Alongside the contests, Alexander also sacrificed to various Greek gods. But only sacrificed to one traditional Egyptian deity: Apis, the great bull deity. The cult of the Apis bull was especially strong at Memphis; its great cult centre was situated very close by, at the monumental Serapeum at Saqqara. Our sources don’t mention it, but Alexander’s peculiar interest in this particular Egyptian deity may have led him to pay a visit to this sacred sanctuary.
It does, however, beg the question: why? Why, of all the Egyptian gods, did Alexander decide to sacrifice to Apis? For the answer, you need to look at the actions of the preceding Persians in Egypt.
Undermining his predecessors
The Achaemenid Persian Empire invaded Egypt a couple of times in its history. In the late 6th century BC, for instance, the Persian king Cambyses conquered Egypt. Almost 200 years later, King Artaxerxes III also successfully overwhelmed the ruling pharaoh and claimed Egypt for the Persian Empire once more. On both occasions, however, the Persian kings had shown complete contempt for the Apis Bull deity once they reached Memphis. In fact, both kings went so far as to have the sacred bull (the incarnation of Apis) slain. It was a gross sign of Persian contempt for Egyptian religion. And Alexander had read his history.

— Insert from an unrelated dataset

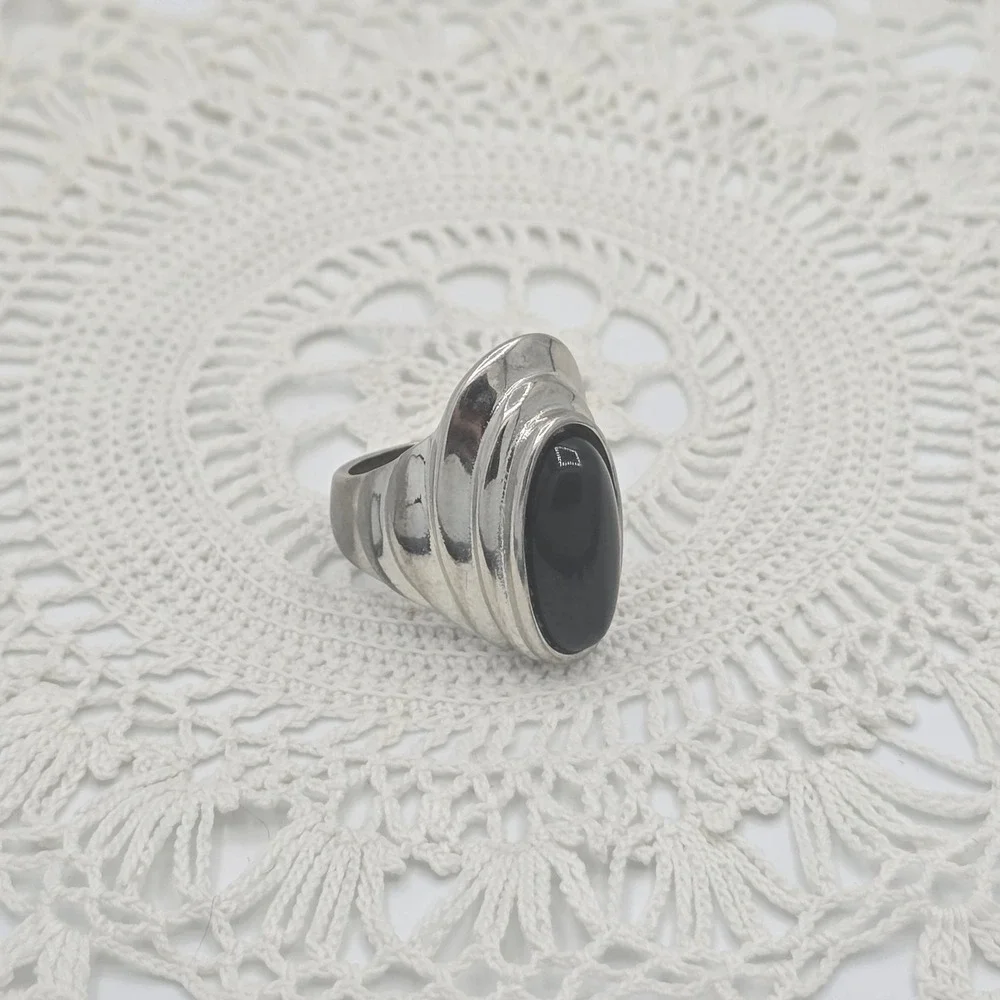 Vintage Ring Large Statement Oval Domed Pyramid Black Silver 18KGE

By sacrificing to the Apis Bull, Alexander was wanting to portray himself as the opposite of his Persian predecessors. It was a very cunning piece of ‘ancient PR’. Here was Alexander, in an act of deference to the Egyptian religion that completely contrasted him with previous Persian contempt towards it. Here was Alexander, the king who had liberated the Egyptians from Persian rule. A figure who was content to respect and honour local gods, albeit separately from Hellenic deities.

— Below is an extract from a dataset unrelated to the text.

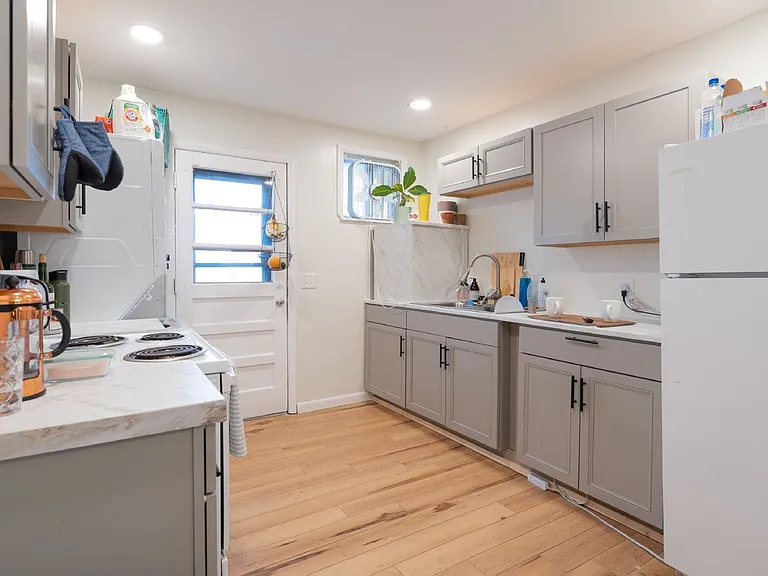 22 Claiborne St #B — Photo 7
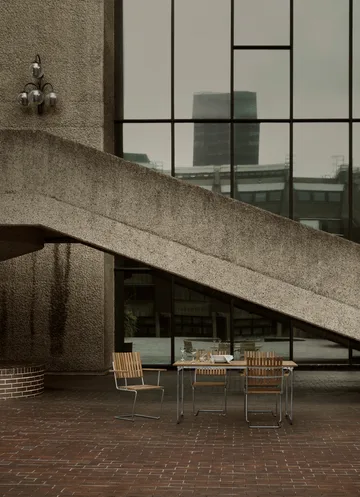 Sillón con reposabrazos Bovik  - Teca—estructura galvanizada en caliente - Grythyttan Stålmöbler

During his stay in Egypt, Alexander was proclaimed the new pharaoh. He received historic titles associated with the position, such as ‘Son of Ra & Beloved of Amun’. Whether Alexander also received an elaborate coronation ceremony at Memphis, however, is debated. An elaborate crowning event feels unlikely; neither Arrian nor Curtius mention any such ceremony and the main source that does – the Alexander Romance – is a much later source, filled with many fantastical stories.

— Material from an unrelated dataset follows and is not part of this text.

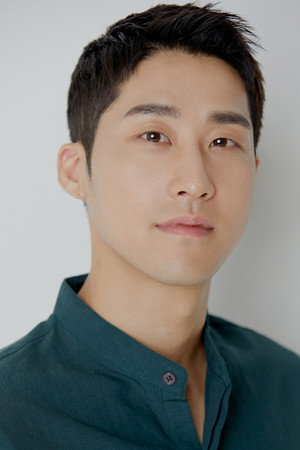 Kim Ji-chul in Musical Horrifically Funny Women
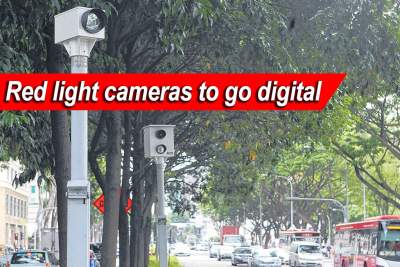 Police to replace current red light cameras with new digital ones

Elaborate crowning ceremony or not, Alexander was regardless honoured as pharaoh across Egypt. One striking depiction of Alexander in Egyptian guise survives to this day, inside Luxor Temple. There, in a temple constructed more than a millennia before Alexander’s time, Alexander is depicted alongside Amun as a traditional Egyptian pharaoh. It’s a testament to the great power and prestige of ancient Egyptian culture to the likes of Alexander, his contemporaries and ultimately his Ptolemaic successors.
Alexander did not stay in Memphis long. He soon left the city and headed north up the River Nile. At a place called Rhacotis, on the Canopic branch of the River Nile and next to the Mediterranean, Alexander founded a new city. That city would go on to be a great jewel of the ancient Mediterranean, a city that has endured to this day: Alexandria.
From there Alexander headed west, along the coast to a settlement called Paraetonium, before he and his army headed inland across the desert to the Sanctuary of Ammon at Siwa in Libya. In the eyes of Alexander, the Libyan Ammon was the local manifestation of Zeus, and Alexander was therefore keen to visit the deity’s famous desert sanctuary. Having reached Siwa, Alexander was greeted as the son of Ammon and the king consulted the oracle alone in the central sanctuary. According to Arrian, Alexander was satisfied with the responses he received.
His last living trip to Egypt
From Siwa, Alexander returned to Egypt and Memphis. The route he took back is debated. Ptolemy has Alexander take a direct route, across the desert, from Siwa to Memphis. More likely, Alexander returned via the route he had come by – via Paraetonium and Alexandria. Some believe that it was on Alexander’s return journey that he founded Alexandria.
By the time Alexander returned to Memphis, it was spring 331 BC. He did not linger there long. At Memphis, Alexander gathered his troops and prepared to continue his campaign against Darius. In c. April 331 BC, Alexander and his army departed Memphis. The king would never visit the city, or Egypt more generally, again in his lifetime. But he would following his death. Alexander’s body would ultimately end up in Memphis in 320 BC, following one of the most bizarre heists in history.